» **Exercise description**: Look through the material below. Copy every line with the string "sunny" in it.

--------

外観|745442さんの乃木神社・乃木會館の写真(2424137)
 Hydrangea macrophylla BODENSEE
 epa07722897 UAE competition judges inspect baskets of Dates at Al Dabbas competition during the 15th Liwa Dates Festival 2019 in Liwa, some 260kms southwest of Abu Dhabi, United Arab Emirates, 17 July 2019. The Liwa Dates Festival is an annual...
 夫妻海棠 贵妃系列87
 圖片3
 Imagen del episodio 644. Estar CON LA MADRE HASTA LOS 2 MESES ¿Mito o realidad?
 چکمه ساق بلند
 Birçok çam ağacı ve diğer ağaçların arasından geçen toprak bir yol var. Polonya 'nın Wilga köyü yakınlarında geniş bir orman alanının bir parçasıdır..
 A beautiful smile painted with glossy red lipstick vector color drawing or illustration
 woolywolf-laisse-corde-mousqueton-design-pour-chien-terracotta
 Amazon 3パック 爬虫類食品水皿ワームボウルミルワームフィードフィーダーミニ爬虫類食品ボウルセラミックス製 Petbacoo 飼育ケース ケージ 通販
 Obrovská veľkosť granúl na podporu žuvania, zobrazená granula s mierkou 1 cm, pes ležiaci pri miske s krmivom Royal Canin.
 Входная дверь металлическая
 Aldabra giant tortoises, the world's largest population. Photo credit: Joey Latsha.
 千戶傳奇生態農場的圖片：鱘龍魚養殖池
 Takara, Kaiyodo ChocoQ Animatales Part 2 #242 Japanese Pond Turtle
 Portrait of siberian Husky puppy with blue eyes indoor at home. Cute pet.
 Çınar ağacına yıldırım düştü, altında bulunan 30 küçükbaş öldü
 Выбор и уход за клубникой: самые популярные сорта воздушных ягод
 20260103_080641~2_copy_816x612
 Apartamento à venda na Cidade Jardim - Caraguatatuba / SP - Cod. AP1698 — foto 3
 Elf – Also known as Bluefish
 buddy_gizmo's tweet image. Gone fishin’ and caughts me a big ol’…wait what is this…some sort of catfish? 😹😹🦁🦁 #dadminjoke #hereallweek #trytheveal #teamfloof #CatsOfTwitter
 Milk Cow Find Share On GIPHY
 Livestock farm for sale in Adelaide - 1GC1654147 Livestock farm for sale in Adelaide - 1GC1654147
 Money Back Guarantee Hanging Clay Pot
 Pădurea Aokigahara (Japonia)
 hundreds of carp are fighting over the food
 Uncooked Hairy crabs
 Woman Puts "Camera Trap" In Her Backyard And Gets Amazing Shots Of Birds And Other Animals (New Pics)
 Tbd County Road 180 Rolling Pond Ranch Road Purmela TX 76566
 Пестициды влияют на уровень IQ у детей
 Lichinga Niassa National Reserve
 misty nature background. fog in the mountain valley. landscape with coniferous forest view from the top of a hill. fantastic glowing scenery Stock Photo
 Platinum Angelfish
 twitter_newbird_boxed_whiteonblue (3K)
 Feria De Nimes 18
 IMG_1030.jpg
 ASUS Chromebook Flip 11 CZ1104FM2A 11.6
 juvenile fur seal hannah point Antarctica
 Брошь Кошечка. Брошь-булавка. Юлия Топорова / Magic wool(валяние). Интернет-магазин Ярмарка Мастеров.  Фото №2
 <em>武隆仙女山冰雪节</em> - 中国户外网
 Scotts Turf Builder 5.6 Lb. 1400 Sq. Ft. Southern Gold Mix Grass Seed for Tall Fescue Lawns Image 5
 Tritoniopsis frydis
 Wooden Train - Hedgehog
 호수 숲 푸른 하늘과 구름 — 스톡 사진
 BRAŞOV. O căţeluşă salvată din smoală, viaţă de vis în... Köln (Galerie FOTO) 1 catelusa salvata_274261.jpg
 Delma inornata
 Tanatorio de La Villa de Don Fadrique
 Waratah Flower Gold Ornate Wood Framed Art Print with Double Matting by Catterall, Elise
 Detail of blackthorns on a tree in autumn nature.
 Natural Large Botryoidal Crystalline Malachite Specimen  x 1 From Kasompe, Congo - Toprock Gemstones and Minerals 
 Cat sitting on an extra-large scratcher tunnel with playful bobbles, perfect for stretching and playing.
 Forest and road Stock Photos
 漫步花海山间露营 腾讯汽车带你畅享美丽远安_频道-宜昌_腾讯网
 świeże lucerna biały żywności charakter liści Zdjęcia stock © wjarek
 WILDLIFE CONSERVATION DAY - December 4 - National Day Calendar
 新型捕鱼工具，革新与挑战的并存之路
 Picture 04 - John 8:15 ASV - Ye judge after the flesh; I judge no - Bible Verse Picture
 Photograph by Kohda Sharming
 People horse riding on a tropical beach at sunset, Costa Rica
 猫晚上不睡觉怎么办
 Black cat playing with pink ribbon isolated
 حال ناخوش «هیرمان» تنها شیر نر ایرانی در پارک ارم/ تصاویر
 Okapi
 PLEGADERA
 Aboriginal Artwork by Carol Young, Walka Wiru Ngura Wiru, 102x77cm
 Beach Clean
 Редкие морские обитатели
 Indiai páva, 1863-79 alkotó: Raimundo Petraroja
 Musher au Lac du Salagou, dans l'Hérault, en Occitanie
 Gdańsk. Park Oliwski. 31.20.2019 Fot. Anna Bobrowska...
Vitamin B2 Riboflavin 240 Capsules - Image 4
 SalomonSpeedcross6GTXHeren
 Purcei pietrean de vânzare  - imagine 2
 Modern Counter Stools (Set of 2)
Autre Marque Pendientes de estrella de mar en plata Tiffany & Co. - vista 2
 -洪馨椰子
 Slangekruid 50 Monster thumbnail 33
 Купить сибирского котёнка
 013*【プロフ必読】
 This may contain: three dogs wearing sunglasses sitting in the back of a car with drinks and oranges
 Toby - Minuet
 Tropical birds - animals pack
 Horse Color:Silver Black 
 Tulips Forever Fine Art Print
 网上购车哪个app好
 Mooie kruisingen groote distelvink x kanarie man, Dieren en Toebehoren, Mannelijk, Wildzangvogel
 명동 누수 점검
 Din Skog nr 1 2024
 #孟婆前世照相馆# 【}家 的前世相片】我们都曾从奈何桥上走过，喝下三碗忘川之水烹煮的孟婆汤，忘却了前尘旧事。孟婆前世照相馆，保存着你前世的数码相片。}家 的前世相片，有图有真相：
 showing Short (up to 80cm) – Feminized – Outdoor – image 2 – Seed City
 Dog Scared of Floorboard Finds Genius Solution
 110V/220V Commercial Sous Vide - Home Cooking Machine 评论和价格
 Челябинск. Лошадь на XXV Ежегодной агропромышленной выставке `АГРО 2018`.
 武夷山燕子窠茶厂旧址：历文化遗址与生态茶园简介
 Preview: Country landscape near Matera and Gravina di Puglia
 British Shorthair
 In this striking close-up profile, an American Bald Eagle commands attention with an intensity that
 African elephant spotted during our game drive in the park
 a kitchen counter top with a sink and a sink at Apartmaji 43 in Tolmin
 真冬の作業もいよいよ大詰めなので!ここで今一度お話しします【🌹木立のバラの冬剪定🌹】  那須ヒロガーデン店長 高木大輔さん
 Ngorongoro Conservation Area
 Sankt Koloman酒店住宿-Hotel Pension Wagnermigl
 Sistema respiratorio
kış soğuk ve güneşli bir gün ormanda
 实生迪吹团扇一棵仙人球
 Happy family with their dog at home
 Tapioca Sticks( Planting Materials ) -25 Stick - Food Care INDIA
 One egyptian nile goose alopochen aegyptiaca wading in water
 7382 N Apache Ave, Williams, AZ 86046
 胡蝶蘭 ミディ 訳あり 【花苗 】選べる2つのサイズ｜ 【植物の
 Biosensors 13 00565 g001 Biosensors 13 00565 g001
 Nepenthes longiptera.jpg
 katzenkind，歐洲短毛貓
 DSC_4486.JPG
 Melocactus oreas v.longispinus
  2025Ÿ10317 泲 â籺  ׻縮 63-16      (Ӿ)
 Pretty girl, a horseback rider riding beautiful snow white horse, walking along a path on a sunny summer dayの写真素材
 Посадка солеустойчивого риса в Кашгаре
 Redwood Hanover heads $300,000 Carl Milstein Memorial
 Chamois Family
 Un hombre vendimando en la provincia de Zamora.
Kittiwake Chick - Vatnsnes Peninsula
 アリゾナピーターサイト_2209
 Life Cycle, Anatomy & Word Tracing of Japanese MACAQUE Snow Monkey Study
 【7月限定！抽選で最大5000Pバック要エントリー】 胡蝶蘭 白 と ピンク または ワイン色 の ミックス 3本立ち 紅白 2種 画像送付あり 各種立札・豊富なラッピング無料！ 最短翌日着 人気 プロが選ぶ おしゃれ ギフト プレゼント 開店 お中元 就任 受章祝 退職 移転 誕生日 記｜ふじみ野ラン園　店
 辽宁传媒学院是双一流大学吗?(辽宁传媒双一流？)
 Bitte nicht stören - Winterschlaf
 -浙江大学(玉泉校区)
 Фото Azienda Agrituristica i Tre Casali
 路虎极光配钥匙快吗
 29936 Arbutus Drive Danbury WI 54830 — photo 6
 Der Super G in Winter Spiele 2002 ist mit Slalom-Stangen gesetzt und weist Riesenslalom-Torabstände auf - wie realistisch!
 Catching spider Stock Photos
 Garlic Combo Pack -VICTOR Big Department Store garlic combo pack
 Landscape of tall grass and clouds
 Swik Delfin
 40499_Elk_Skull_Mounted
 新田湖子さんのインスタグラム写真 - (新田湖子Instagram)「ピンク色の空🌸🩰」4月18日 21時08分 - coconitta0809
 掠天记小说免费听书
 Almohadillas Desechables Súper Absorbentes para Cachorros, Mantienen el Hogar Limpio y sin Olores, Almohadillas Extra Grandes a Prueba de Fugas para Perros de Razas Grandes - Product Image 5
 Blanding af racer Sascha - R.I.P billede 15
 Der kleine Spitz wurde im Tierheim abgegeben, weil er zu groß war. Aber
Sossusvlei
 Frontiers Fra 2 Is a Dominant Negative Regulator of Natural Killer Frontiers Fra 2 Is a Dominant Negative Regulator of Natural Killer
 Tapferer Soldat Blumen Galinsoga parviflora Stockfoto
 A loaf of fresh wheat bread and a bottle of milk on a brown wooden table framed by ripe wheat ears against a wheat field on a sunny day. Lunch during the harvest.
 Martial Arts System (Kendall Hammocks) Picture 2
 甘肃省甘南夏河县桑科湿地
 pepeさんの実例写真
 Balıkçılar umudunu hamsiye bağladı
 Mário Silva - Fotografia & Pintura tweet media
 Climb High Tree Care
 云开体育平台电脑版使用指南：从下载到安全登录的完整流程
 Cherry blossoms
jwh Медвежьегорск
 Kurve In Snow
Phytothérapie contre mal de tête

--------

» **Output**:
 Pretty girl, a horseback rider riding beautiful snow white horse, walking along a path on a sunny summer dayの写真素材
 A loaf of fresh wheat bread and a bottle of milk on a brown wooden table framed by ripe wheat ears against a wheat field on a sunny day. Lunch during the harvest.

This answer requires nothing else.